**Problem description:** Return the entries verbatim and drop every picture.
### Raw data ###
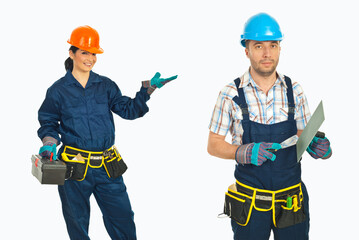 Fototapeta premium Two workers stand side by side, smiling at the camera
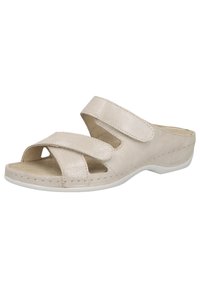 Beige slide sandal with cross-over straps, made of textured synthetic material. Features adjustable Velcro fasteners and a white outsole.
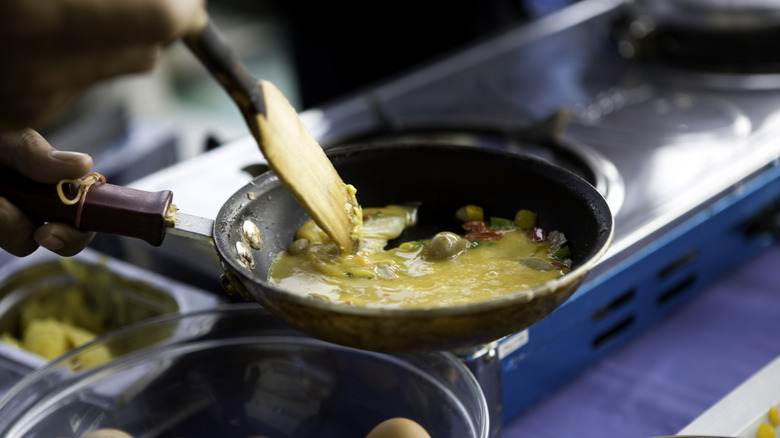 spatula mixing eggs in pan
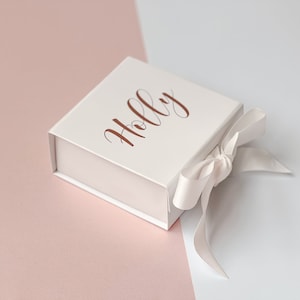 K&ouml;nnte beinhalten: Eine wei&szlig;e Geschenkbox mit einem ros&eacute;goldenen Band und dem Namen "Holly" auf der Oberseite.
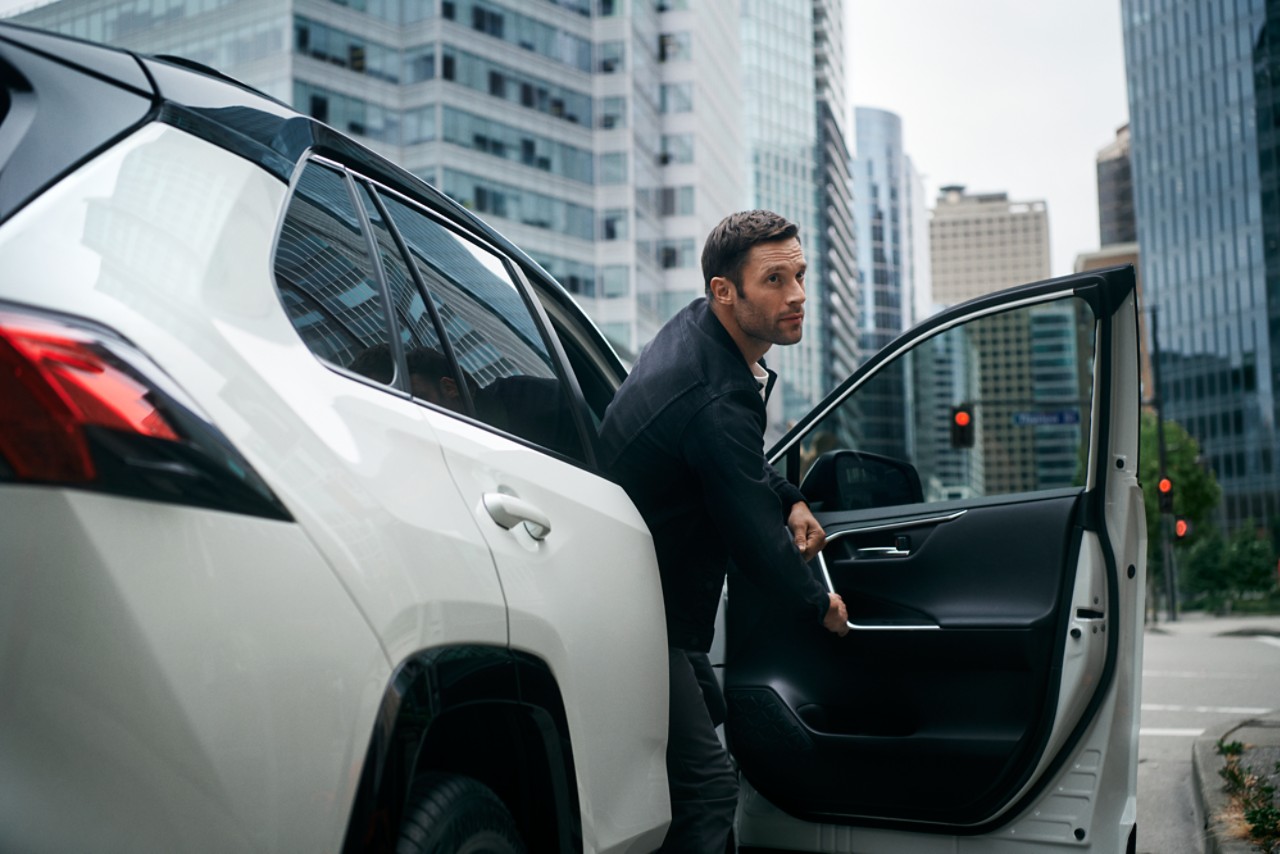 homme sortant d'une toyota en ville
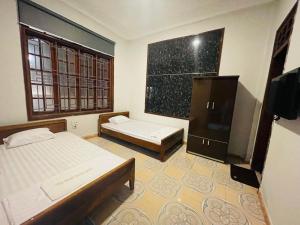 a small room with two beds and a tv at CHUNG BẰNG MOTEL in Hương Hóa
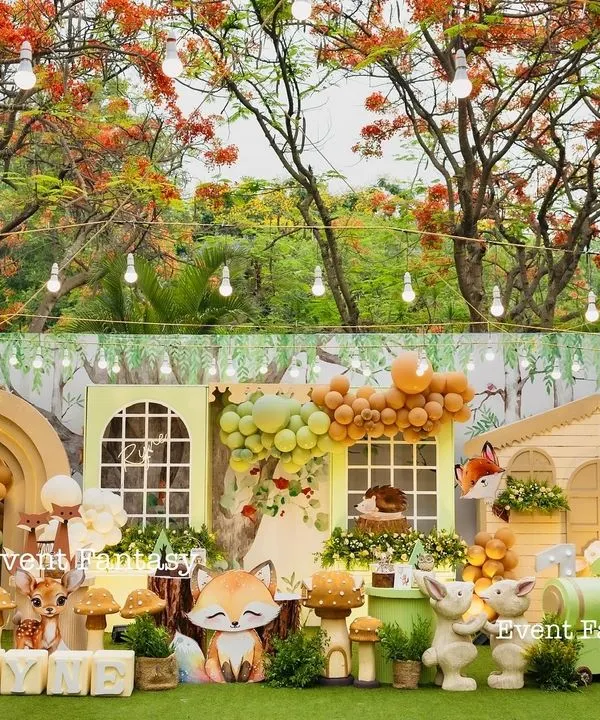 A breathtaking, wide-angle view of Ryne's woodland party. The entire setup is framed by beautiful flowering trees, featuring a charming house backdrop, 3D animal cutouts, and whimsical props for a complete fantasy world.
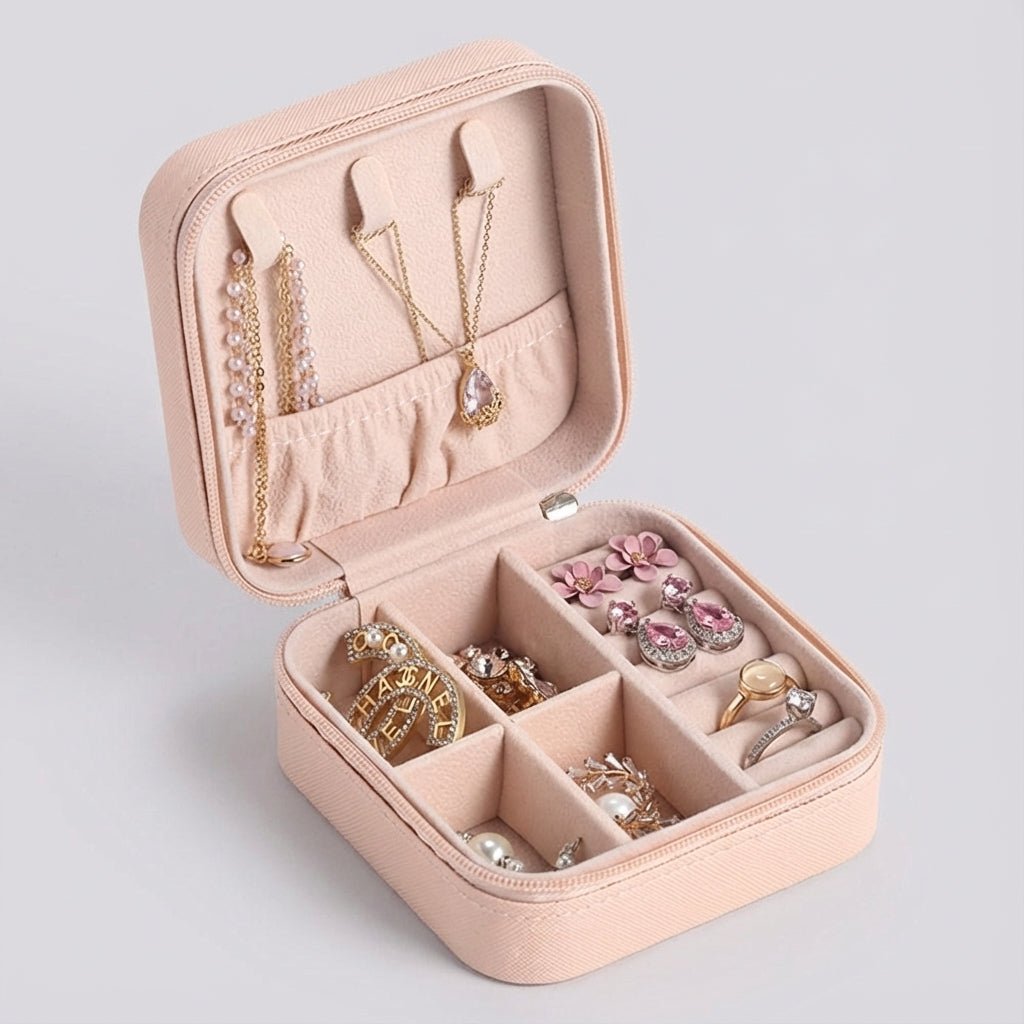 Compact travel jewelry box featuring a soft leather finish, designed for lightweight portability and protective storage of jewelry items. 4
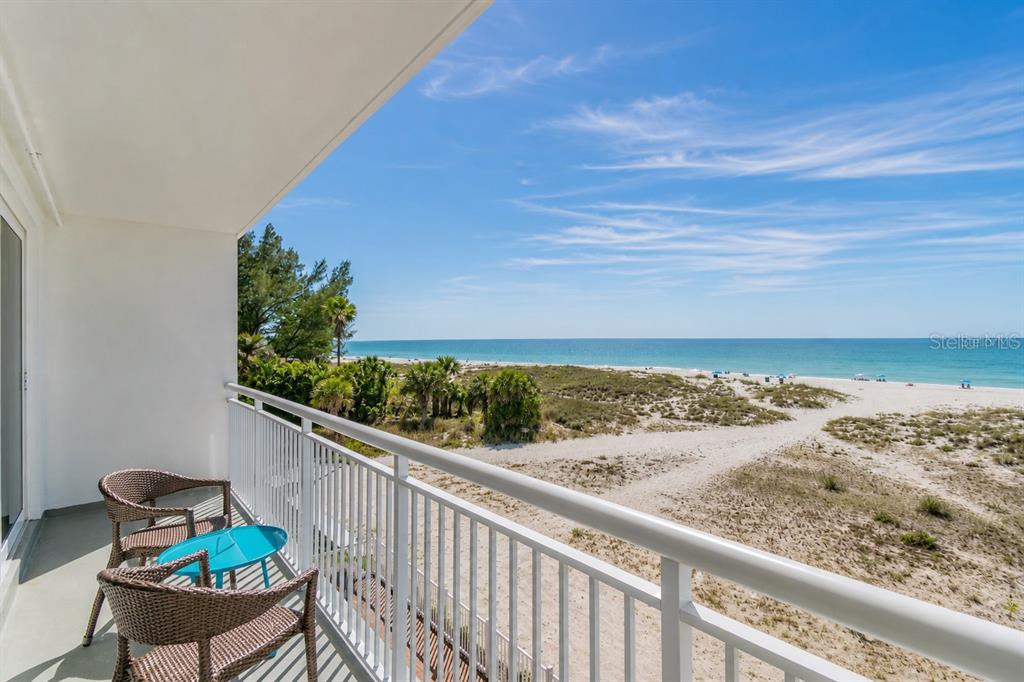 A balcony with two wicker chairs overlooks a sandy beach and the ocean — 10116 GULF BOULEVARD UNIT 201W, TREASURE ISLAND, FL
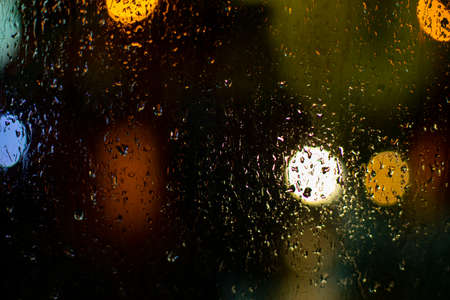 Raindrops on the glass. Blurry background with lights. The texture of the glass on a dark background. Blurred lights of round shape.の写真素材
###
**Response for this exercise:**
 Fototapeta premium Two workers stand side by side, smiling at the camera
 Beige slide sandal with cross-over straps, made of textured synthetic material. Features adjustable Velcro fasteners and a white outsole.
 spatula mixing eggs in pan
 K&ouml;nnte beinhalten: Eine wei&szlig;e Geschenkbox mit einem ros&eacute;goldenen Band und dem Namen "Holly" auf der Oberseite.
 homme sortant d'une toyota en ville
 a small room with two beds and a tv at CHUNG BẰNG MOTEL in Hương Hóa
 A breathtaking, wide-angle view of Ryne's woodland party. The entire setup is framed by beautiful flowering trees, featuring a charming house backdrop, 3D animal cutouts, and whimsical props for a complete fantasy world.
 Compact travel jewelry box featuring a soft leather finish, designed for lightweight portability and protective storage of jewelry items. 4
 A balcony with two wicker chairs overlooks a sandy beach and the ocean — 10116 GULF BOULEVARD UNIT 201W, TREASURE ISLAND, FL
 Raindrops on the glass. Blurry background with lights. The texture of the glass on a dark background. Blurred lights of round shape.の写真素材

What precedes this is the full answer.